Problem statement
Every line in the data must be transcribed exactly.

Supplied data
________________________________________

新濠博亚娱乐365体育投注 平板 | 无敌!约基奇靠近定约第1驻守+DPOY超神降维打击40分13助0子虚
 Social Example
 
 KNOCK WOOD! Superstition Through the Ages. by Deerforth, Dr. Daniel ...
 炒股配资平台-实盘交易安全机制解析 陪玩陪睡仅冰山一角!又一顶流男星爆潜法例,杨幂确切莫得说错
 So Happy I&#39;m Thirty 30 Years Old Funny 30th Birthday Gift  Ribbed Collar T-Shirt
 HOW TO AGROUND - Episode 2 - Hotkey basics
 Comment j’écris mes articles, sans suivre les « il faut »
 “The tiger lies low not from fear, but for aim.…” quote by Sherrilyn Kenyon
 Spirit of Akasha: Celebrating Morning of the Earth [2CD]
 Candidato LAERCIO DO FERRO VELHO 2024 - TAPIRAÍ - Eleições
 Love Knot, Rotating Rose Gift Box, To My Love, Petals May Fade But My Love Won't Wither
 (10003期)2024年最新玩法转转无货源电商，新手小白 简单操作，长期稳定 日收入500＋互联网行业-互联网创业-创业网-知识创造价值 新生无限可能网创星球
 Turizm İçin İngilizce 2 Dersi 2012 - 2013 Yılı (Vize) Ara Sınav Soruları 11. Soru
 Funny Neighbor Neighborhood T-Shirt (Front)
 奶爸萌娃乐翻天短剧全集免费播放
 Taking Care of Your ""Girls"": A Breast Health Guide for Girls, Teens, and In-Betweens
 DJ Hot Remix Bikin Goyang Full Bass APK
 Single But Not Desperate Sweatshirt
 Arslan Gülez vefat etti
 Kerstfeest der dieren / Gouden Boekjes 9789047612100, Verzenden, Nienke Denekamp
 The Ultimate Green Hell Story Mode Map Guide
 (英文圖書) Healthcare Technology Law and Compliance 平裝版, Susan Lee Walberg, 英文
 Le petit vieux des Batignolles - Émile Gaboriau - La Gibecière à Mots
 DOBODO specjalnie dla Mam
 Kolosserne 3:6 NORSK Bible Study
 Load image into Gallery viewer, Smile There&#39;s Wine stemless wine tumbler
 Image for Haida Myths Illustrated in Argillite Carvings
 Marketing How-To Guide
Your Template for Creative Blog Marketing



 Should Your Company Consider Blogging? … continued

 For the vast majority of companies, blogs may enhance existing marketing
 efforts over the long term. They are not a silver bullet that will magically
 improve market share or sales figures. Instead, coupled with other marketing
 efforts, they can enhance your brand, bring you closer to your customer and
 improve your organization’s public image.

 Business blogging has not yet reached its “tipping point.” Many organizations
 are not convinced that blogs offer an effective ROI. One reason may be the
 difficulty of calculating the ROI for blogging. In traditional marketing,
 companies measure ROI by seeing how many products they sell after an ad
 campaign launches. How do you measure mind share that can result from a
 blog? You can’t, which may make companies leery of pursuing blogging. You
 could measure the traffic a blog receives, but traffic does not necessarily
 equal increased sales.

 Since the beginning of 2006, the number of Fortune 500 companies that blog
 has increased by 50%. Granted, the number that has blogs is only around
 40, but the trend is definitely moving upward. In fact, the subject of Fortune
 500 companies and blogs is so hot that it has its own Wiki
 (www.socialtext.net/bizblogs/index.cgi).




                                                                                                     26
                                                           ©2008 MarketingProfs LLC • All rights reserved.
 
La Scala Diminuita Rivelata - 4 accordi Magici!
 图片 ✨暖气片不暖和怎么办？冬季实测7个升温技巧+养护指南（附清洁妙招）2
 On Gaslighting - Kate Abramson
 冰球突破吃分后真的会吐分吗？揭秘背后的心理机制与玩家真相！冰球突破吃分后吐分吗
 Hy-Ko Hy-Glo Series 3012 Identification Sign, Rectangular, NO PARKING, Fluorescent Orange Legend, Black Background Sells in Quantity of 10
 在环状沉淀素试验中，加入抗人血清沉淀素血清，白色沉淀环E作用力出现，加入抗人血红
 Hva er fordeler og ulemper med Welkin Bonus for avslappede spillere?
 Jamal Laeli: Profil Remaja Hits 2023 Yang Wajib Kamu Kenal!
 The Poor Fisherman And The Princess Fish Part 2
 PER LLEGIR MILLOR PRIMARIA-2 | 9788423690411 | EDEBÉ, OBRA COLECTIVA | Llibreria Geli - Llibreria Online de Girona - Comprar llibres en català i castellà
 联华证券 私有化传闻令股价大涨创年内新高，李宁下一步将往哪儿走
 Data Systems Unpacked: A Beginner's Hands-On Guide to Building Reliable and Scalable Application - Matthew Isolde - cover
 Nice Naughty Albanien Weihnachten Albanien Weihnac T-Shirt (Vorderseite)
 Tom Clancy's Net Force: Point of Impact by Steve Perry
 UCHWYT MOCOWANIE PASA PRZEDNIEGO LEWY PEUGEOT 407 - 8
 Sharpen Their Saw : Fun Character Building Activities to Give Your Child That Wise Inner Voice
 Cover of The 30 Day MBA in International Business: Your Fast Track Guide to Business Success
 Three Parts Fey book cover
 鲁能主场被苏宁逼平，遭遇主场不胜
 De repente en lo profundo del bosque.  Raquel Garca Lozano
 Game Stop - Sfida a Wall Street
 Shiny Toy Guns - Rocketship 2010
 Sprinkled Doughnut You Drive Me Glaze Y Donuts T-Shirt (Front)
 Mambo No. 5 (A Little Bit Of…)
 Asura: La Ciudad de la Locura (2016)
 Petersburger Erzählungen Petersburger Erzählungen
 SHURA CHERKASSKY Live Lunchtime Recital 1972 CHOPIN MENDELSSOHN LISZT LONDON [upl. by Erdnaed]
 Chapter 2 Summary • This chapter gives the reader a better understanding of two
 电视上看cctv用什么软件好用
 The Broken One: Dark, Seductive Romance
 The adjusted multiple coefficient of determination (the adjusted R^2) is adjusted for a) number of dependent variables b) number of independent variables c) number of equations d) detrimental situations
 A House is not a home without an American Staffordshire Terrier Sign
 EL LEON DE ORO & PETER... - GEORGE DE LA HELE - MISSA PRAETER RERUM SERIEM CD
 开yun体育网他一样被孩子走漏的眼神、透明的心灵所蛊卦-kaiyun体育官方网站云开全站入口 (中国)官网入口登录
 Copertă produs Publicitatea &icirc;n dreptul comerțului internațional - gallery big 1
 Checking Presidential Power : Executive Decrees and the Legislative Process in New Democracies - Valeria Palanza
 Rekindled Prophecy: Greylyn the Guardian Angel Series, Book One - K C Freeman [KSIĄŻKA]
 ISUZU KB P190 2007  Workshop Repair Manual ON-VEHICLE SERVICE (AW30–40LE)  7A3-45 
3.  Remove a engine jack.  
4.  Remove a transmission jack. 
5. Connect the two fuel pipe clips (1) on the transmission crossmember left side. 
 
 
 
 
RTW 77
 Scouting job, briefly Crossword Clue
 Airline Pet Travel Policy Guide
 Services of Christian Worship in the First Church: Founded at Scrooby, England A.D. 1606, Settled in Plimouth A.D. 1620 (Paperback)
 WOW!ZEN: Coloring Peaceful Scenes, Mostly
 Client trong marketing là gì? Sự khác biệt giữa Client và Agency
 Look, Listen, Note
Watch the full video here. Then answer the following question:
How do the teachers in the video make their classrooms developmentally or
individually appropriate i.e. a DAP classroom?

________________________________________

Answer
新濠博亚娱乐365体育投注 平板 | 无敌!约基奇靠近定约第1驻守+DPOY超神降维打击40分13助0子虚
 Social Example
 
 KNOCK WOOD! Superstition Through the Ages. by Deerforth, Dr. Daniel ...
 炒股配资平台-实盘交易安全机制解析 陪玩陪睡仅冰山一角!又一顶流男星爆潜法例,杨幂确切莫得说错
 So Happy I&#39;m Thirty 30 Years Old Funny 30th Birthday Gift  Ribbed Collar T-Shirt
 HOW TO AGROUND - Episode 2 - Hotkey basics
 Comment j’écris mes articles, sans suivre les « il faut »
 “The tiger lies low not from fear, but for aim.…” quote by Sherrilyn Kenyon
 Spirit of Akasha: Celebrating Morning of the Earth [2CD]
 Candidato LAERCIO DO FERRO VELHO 2024 - TAPIRAÍ - Eleições
 Love Knot, Rotating Rose Gift Box, To My Love, Petals May Fade But My Love Won't Wither
 (10003期)2024年最新玩法转转无货源电商，新手小白 简单操作，长期稳定 日收入500＋互联网行业-互联网创业-创业网-知识创造价值 新生无限可能网创星球
 Turizm İçin İngilizce 2 Dersi 2012 - 2013 Yılı (Vize) Ara Sınav Soruları 11. Soru
 Funny Neighbor Neighborhood T-Shirt (Front)
 奶爸萌娃乐翻天短剧全集免费播放
 Taking Care of Your ""Girls"": A Breast Health Guide for Girls, Teens, and In-Betweens
 DJ Hot Remix Bikin Goyang Full Bass APK
 Single But Not Desperate Sweatshirt
 Arslan Gülez vefat etti
 Kerstfeest der dieren / Gouden Boekjes 9789047612100, Verzenden, Nienke Denekamp
 The Ultimate Green Hell Story Mode Map Guide
 (英文圖書) Healthcare Technology Law and Compliance 平裝版, Susan Lee Walberg, 英文
 Le petit vieux des Batignolles - Émile Gaboriau - La Gibecière à Mots
 DOBODO specjalnie dla Mam
 Kolosserne 3:6 NORSK Bible Study
 Load image into Gallery viewer, Smile There&#39;s Wine stemless wine tumbler
 Image for Haida Myths Illustrated in Argillite Carvings
 Marketing How-To Guide
Your Template for Creative Blog Marketing



 Should Your Company Consider Blogging? … continued

 For the vast majority of companies, blogs may enhance existing marketing
 efforts over the long term. They are not a silver bullet that will magically
 improve market share or sales figures. Instead, coupled with other marketing
 efforts, they can enhance your brand, bring you closer to your customer and
 improve your organization’s public image.

 Business blogging has not yet reached its “tipping point.” Many organizations
 are not convinced that blogs offer an effective ROI. One reason may be the
 difficulty of calculating the ROI for blogging. In traditional marketing,
 companies measure ROI by seeing how many products they sell after an ad
 campaign launches. How do you measure mind share that can result from a
 blog? You can’t, which may make companies leery of pursuing blogging. You
 could measure the traffic a blog receives, but traffic does not necessarily
 equal increased sales.

 Since the beginning of 2006, the number of Fortune 500 companies that blog
 has increased by 50%. Granted, the number that has blogs is only around
 40, but the trend is definitely moving upward. In fact, the subject of Fortune
 500 companies and blogs is so hot that it has its own Wiki
 (www.socialtext.net/bizblogs/index.cgi).




                                                                                                     26
                                                           ©2008 MarketingProfs LLC • All rights reserved.
 
La Scala Diminuita Rivelata - 4 accordi Magici!
 图片 ✨暖气片不暖和怎么办？冬季实测7个升温技巧+养护指南（附清洁妙招）2
 On Gaslighting - Kate Abramson
 冰球突破吃分后真的会吐分吗？揭秘背后的心理机制与玩家真相！冰球突破吃分后吐分吗
 Hy-Ko Hy-Glo Series 3012 Identification Sign, Rectangular, NO PARKING, Fluorescent Orange Legend, Black Background Sells in Quantity of 10
 在环状沉淀素试验中，加入抗人血清沉淀素血清，白色沉淀环E作用力出现，加入抗人血红
 Hva er fordeler og ulemper med Welkin Bonus for avslappede spillere?
 Jamal Laeli: Profil Remaja Hits 2023 Yang Wajib Kamu Kenal!
 The Poor Fisherman And The Princess Fish Part 2
 PER LLEGIR MILLOR PRIMARIA-2 | 9788423690411 | EDEBÉ, OBRA COLECTIVA | Llibreria Geli - Llibreria Online de Girona - Comprar llibres en català i castellà
 联华证券 私有化传闻令股价大涨创年内新高，李宁下一步将往哪儿走
 Data Systems Unpacked: A Beginner's Hands-On Guide to Building Reliable and Scalable Application - Matthew Isolde - cover
 Nice Naughty Albanien Weihnachten Albanien Weihnac T-Shirt (Vorderseite)
 Tom Clancy's Net Force: Point of Impact by Steve Perry
 UCHWYT MOCOWANIE PASA PRZEDNIEGO LEWY PEUGEOT 407 - 8
 Sharpen Their Saw : Fun Character Building Activities to Give Your Child That Wise Inner Voice
 Cover of The 30 Day MBA in International Business: Your Fast Track Guide to Business Success
 Three Parts Fey book cover
 鲁能主场被苏宁逼平，遭遇主场不胜
 De repente en lo profundo del bosque.  Raquel Garca Lozano
 Game Stop - Sfida a Wall Street
 Shiny Toy Guns - Rocketship 2010
 Sprinkled Doughnut You Drive Me Glaze Y Donuts T-Shirt (Front)
 Mambo No. 5 (A Little Bit Of…)
 Asura: La Ciudad de la Locura (2016)
 Petersburger Erzählungen Petersburger Erzählungen
 SHURA CHERKASSKY Live Lunchtime Recital 1972 CHOPIN MENDELSSOHN LISZT LONDON [upl. by Erdnaed]
 Chapter 2 Summary • This chapter gives the reader a better understanding of two
 电视上看cctv用什么软件好用
 The Broken One: Dark, Seductive Romance
 The adjusted multiple coefficient of determination (the adjusted R^2) is adjusted for a) number of dependent variables b) number of independent variables c) number of equations d) detrimental situations
 A House is not a home without an American Staffordshire Terrier Sign
 EL LEON DE ORO & PETER... - GEORGE DE LA HELE - MISSA PRAETER RERUM SERIEM CD
 开yun体育网他一样被孩子走漏的眼神、透明的心灵所蛊卦-kaiyun体育官方网站云开全站入口 (中国)官网入口登录
 Copertă produs Publicitatea &icirc;n dreptul comerțului internațional - gallery big 1
 Checking Presidential Power : Executive Decrees and the Legislative Process in New Democracies - Valeria Palanza
 Rekindled Prophecy: Greylyn the Guardian Angel Series, Book One - K C Freeman [KSIĄŻKA]
 ISUZU KB P190 2007  Workshop Repair Manual ON-VEHICLE SERVICE (AW30–40LE)  7A3-45 
3.  Remove a engine jack.  
4.  Remove a transmission jack. 
5. Connect the two fuel pipe clips (1) on the transmission crossmember left side. 
 
 
 
 
RTW 77
 Scouting job, briefly Crossword Clue
 Airline Pet Travel Policy Guide
 Services of Christian Worship in the First Church: Founded at Scrooby, England A.D. 1606, Settled in Plimouth A.D. 1620 (Paperback)
 WOW!ZEN: Coloring Peaceful Scenes, Mostly
 Client trong marketing là gì? Sự khác biệt giữa Client và Agency
 Look, Listen, Note
Watch the full video here. Then answer the following question:
How do the teachers in the video make their classrooms developmentally or
individually appropriate i.e. a DAP classroom?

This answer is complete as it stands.